In February 2004, Katharine Almy, hereinafter the plaintiff, filed a motion for judgment against John Grisham, Jr. et al, hereinafter the defendants, alleging claims of infliction of intentional emotional distress and conspiracy to inflict emotional distress in response to a series of events which took place 1996 and 1999.
In sum, the events that transpired to prompt the litigation are as follows: defendant’s (Alan Swanson) wife and defendant Grisham received a series of hand-written letters that made various accusations including marital infidelity. Defendants than decided to learn the source of the letters, already believing the plaintiff had been the author.
Defendants acquired a handwriting sample of the plaintiff’s through school administration records at her child’s school. They then paid handwriting experts David Leibman and Cina Wong, also defendants, to compare the handwriting on the forms to the letters.
Upon being told the handwriting was comparatively similar, the defendants contacted an attorney and explained the situation. The attorney then contacted the commonwealth’s attorney, who contacted the local police to investigate the matter for criminal impropriety. In August of 1998 Detective Thomas Grimes confronted the plaintiff at her residence in reference to the letters. Upon the plaintiff’s denial of writing the letters, Grimes proceeded to direct her to cease send other letters to the defendants.
Almy then became upset and alleged to have begun to suffer from nervousness, sleeplessness, stress, and an inability to concentrate. In November of 1998, the plaintiff sought treatment for her emotional distress; whereby the attending physician concluded Almy suffered from “major depressive disorder.”

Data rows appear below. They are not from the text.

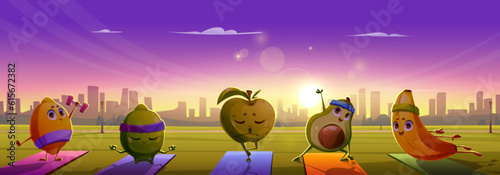 Fruit sport in city park on sunrise cartoon vector illustration. Funny food yoga exercise workout with avocado, banana, apple, lemon and lime on fitness mat background with skyscraper cityscape.
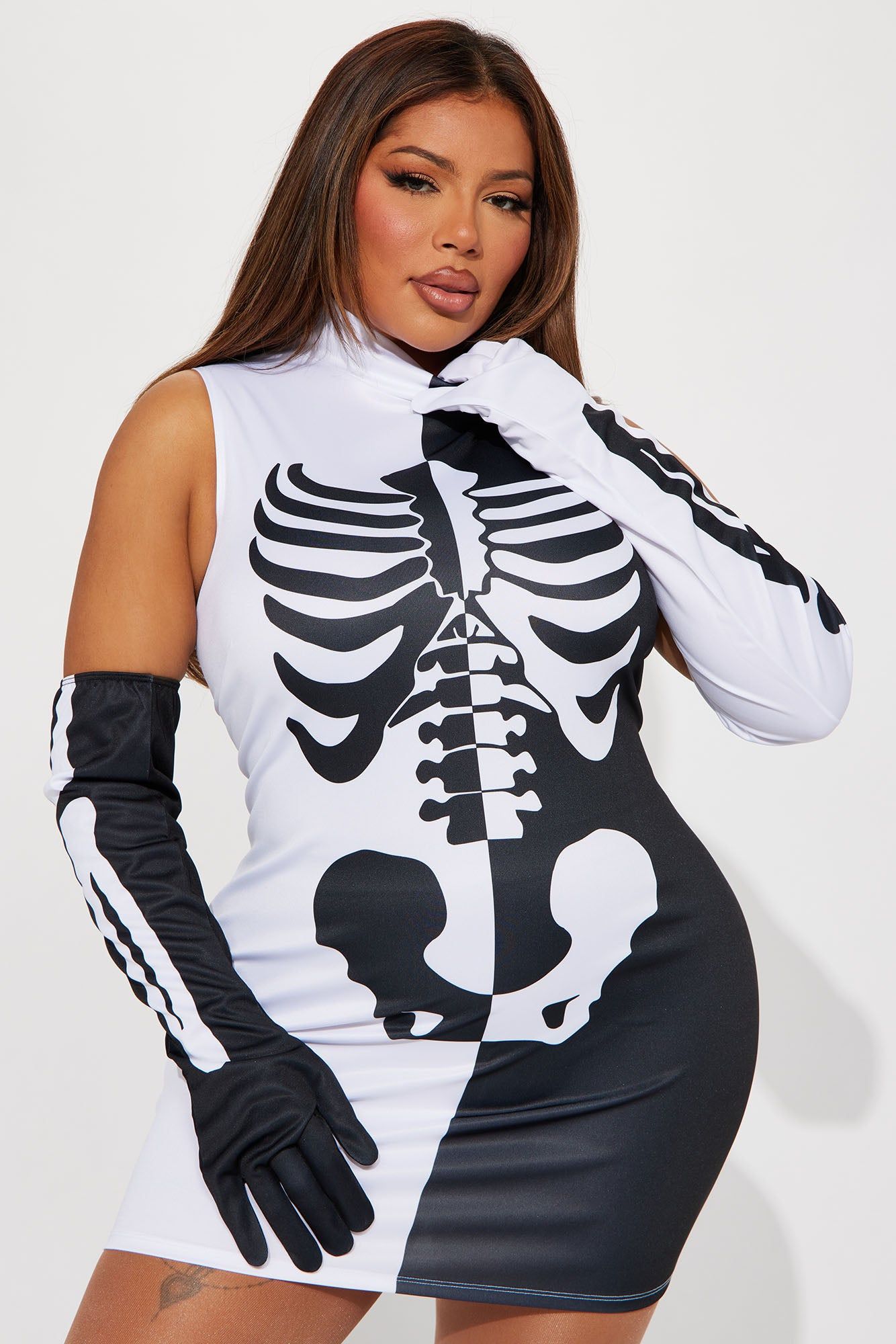 Sassy Skeleton Babe 2 Piece Costume Set - Black/White sold by Fashion Nova product image thumbnail 5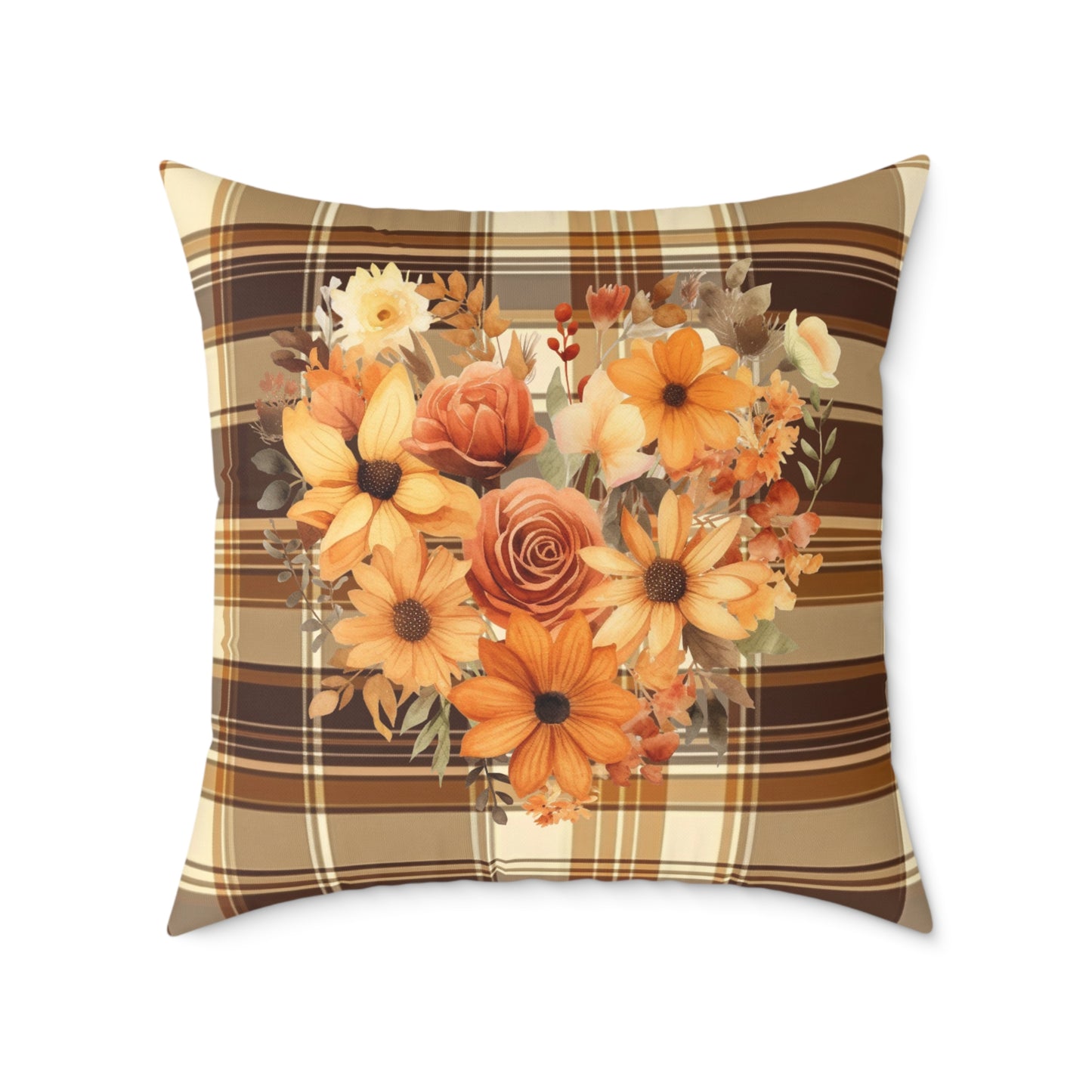 Fall Decor Square Poly Canvas Pillow, Beautiful Two-Sided Fall Decor Pillow for Home or Office, Stylish Fall Accent for Any Room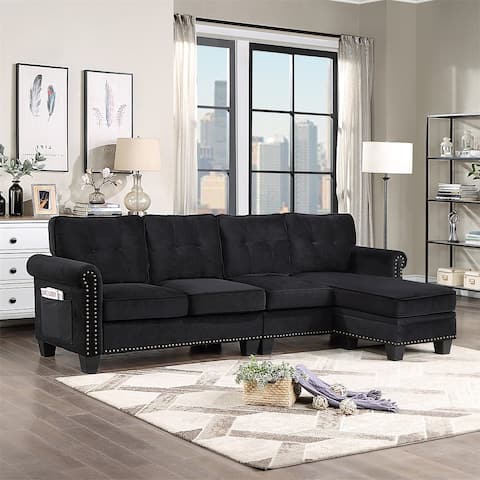 Merax Modern Upholstered 4-Seat Sectional Sofa with Storage Ottoman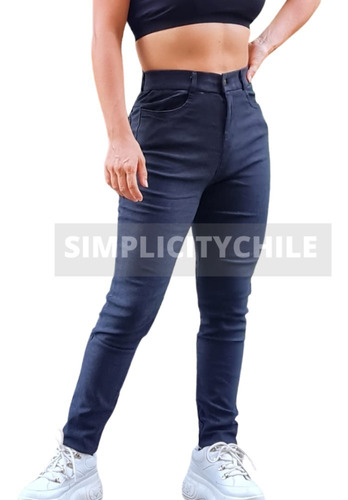 Pantalón Leggins Mujer Elasticados Tiro Alto Tela Jeans 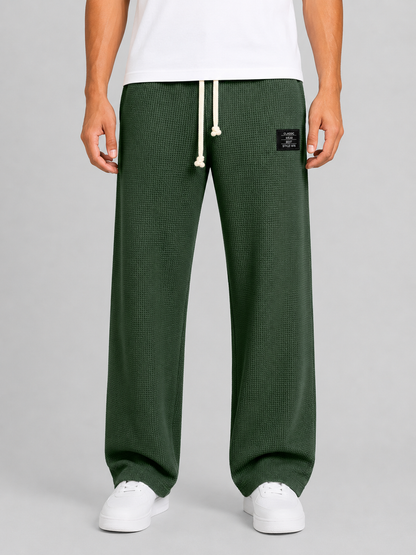 Lyle | Men's Trousers Waffle Knit Drawstring Textured Relaxed Soft Casual Everyday Winter Comfort Versatile Lightweight Modern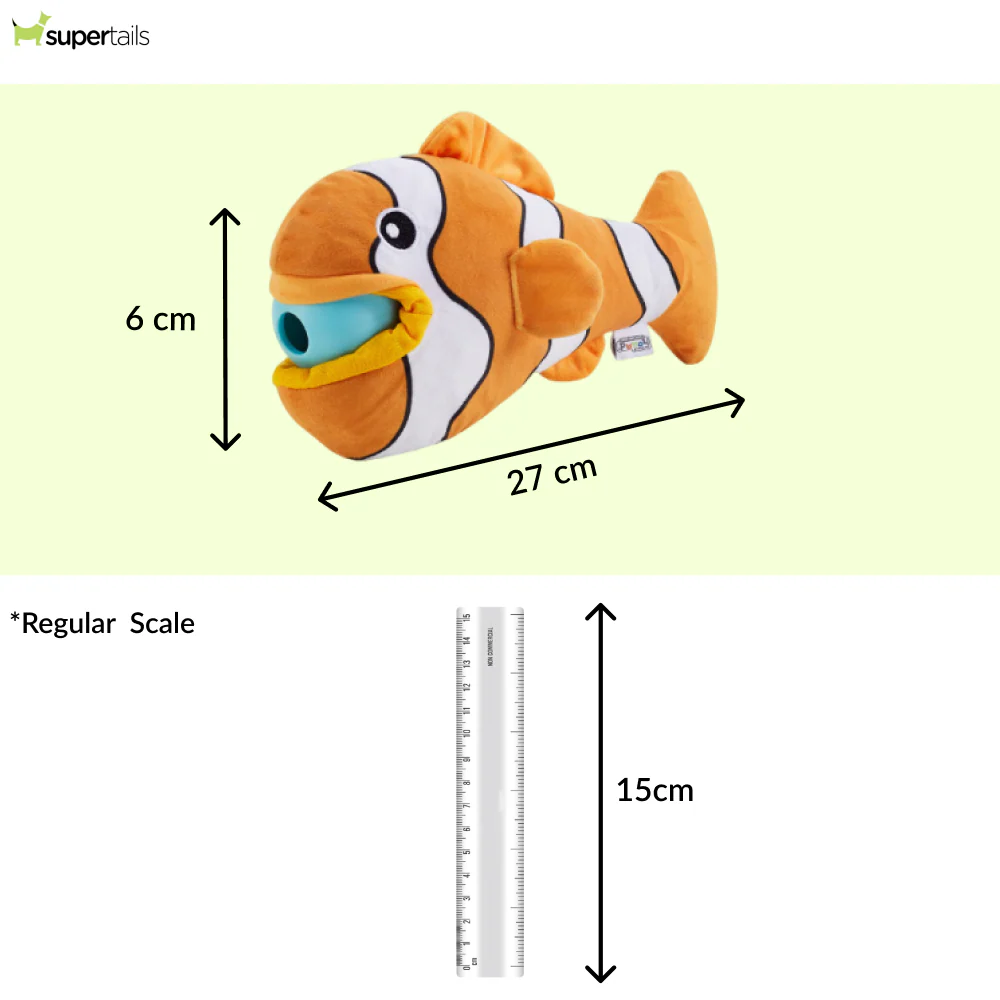 Outward Hound Big Mouth Clown Fish Plush Toy for Dogs (Orange) - Runbopad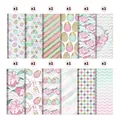 Detailansicht von 12 Mustern Oster-Scrapbook-Papier mit Hasen und bunten Eiern - Macaron-Feiertagscollage-Serie (QT1203-2)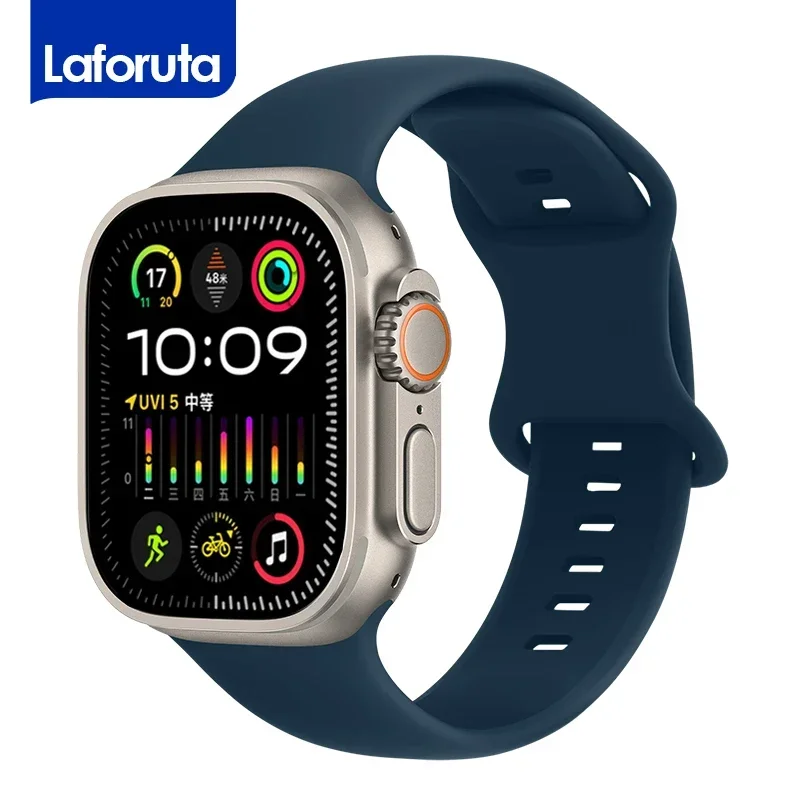 Soft Silicone Sport Band for Apple Watch Ultra 2 and Series 3-9 (38-49mm)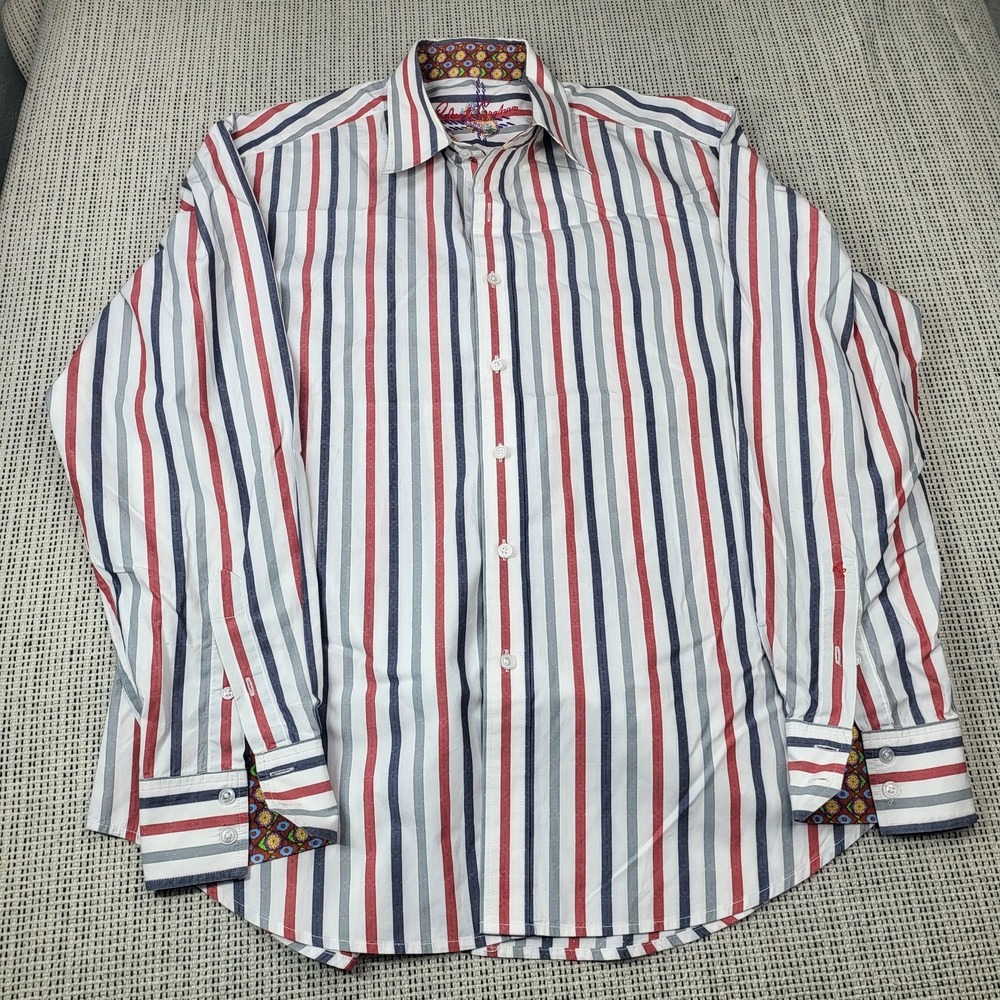 Robert Graham Shirt Mens XL White Stripe Long‎ Sleeve Button Front Casual Cotton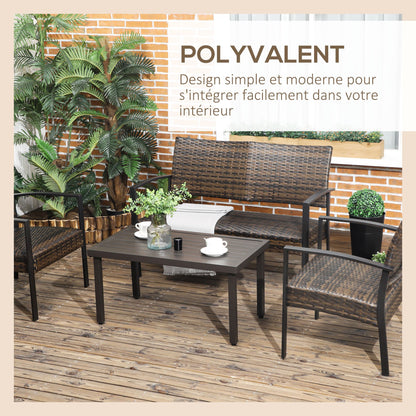 Tuintafel – Bijzettafel – Eettafel – Salontafel – Balkontafel – Met Verstelbare Poten – Metaal Bruin 91x51x46 cm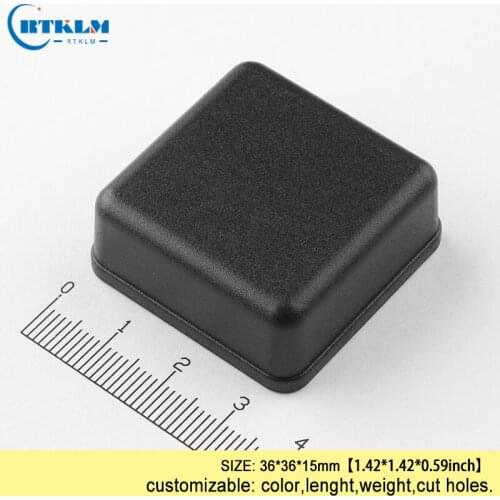 Black plastic enclosure diy housing for electronic PCB 36*36*15mm diy design wire connection box abs project junction enclosure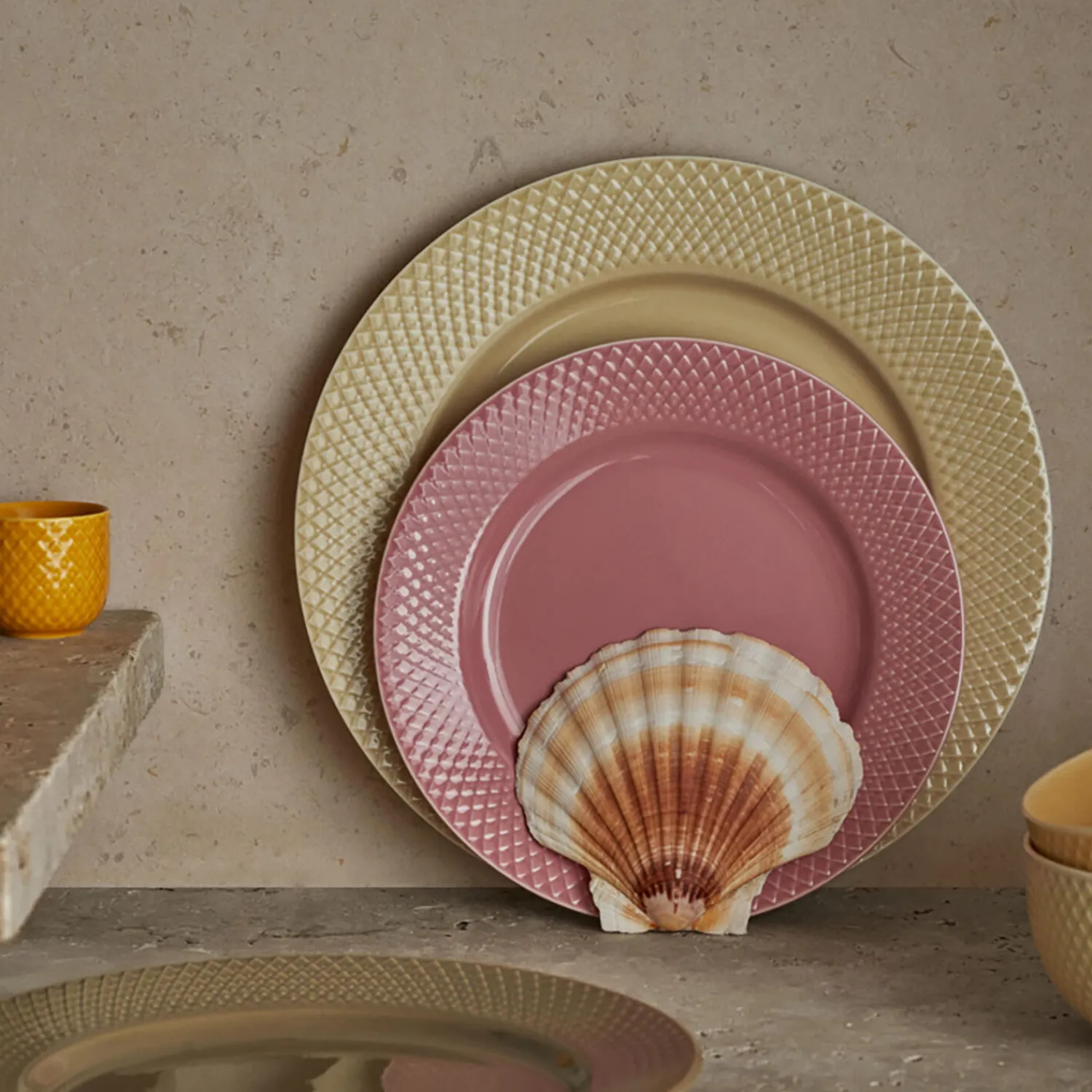 Lyngby Porcelæn Tallerkener * Rhombe Earth Middagstallerken Ø 27 cm, marble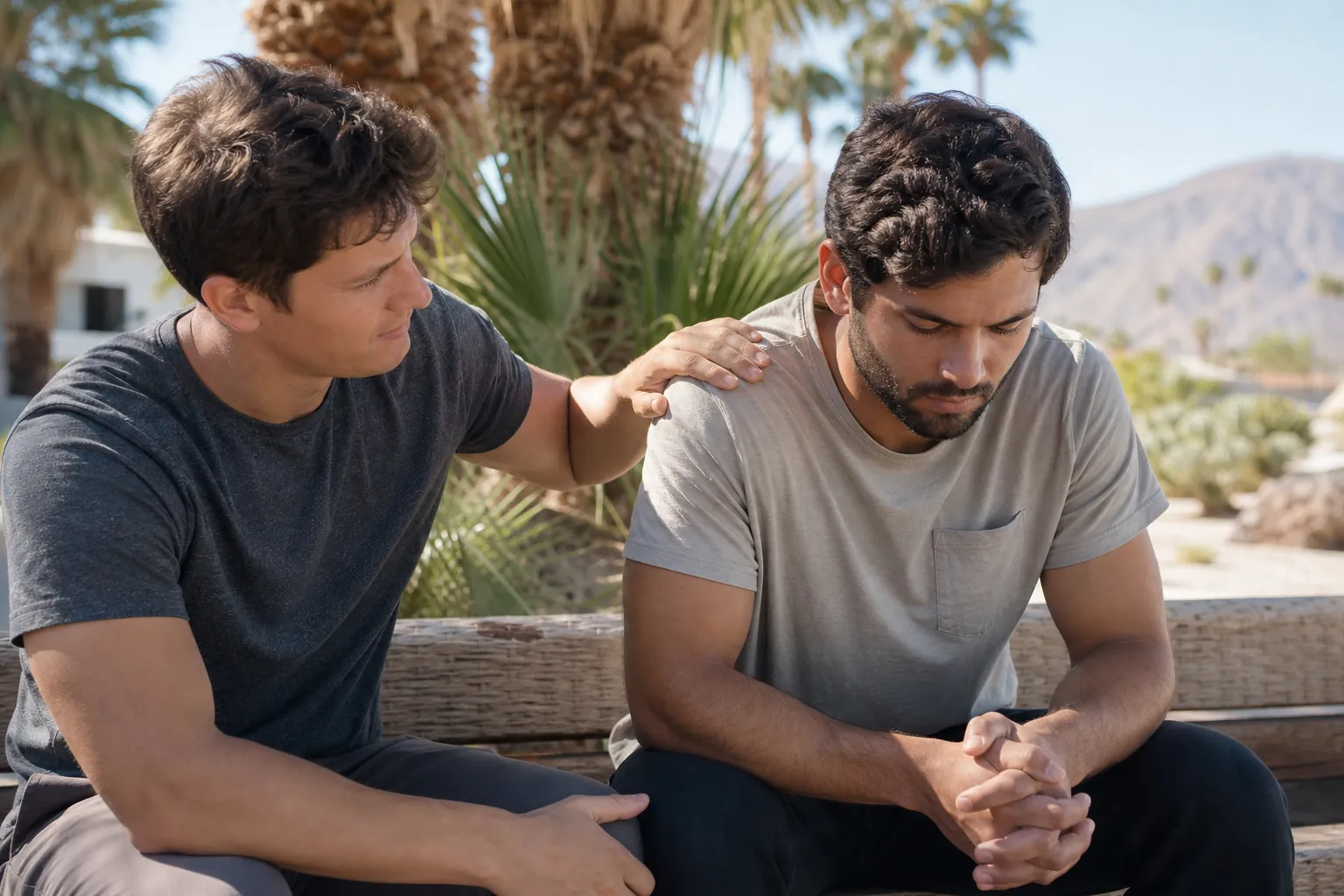 Two men sit on a wooden bench as one rests a reassuring hand on the other's shoulder, with palms and mountains behind them.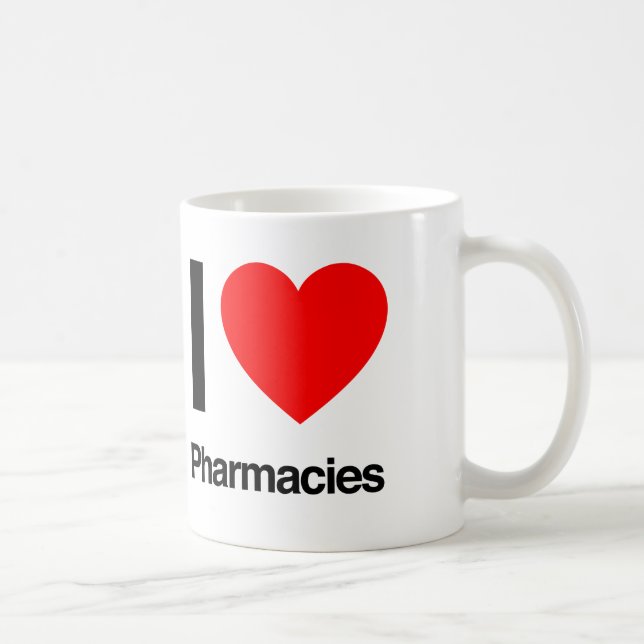 i love pharmacies coffee mug (Right)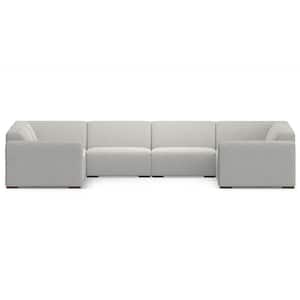 Rex 114 inch Straight Arm Tightly Woven Performance Fabric U-Shaped Modular Sectional Sofa in. Pale Grey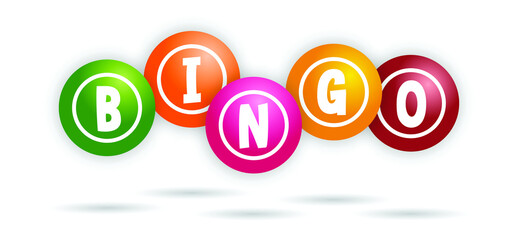 Slogan bingo for lottery and balls. Game of chance to win for young and old. Cartoon vector logo or symbol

The plaintiff’s condition continued to improve through August of 1999, at which time she become aware that the defendants had obtained the handwriting samples from her child’s confidential administrative records. Almy then suffered a setback and relapsed into a depressive state. Upon filing her motion for judgment in February 2004, the defendants responded accordingly with demurrers asserting that the plaintiff had failed to state a cause of action in the motion.
This appeal arises from the Circuit Court of Albemarle County, Virginia. There Judge Designate William R. Shelton sustained the defendant’s aforementioned demurrers; thereby denying the plaintiff’s motion for judgment against the defendants. Plaintiff appealed in light of the unfavorable ruling.
(1) Did the Circuit Court err in sustaining defendant’s demurrers?
(2) Did the plaintiff sufficiently allege elements of intentional infliction of emotional distress against the defendants?
(3) Did the plaintiff sufficiently allege that the handwriting experts recklessly engaged in conduct that was intended to harm her?
(4) Did the plaintiff properly allege conspiracy to inflict severe emotional distress?
(1) Plaintiff sufficiently alleged elements of intentional infliction of emotional distress; thereby placing the court in error of denying the demurrers.
(2) Plaintiff failed to sufficiently allege intentional or reckless conduct on the part of the handwriting experts.
(3) Plaintiff cannot assert a cause of action for civil conspiracy to inflict severe emotional distress.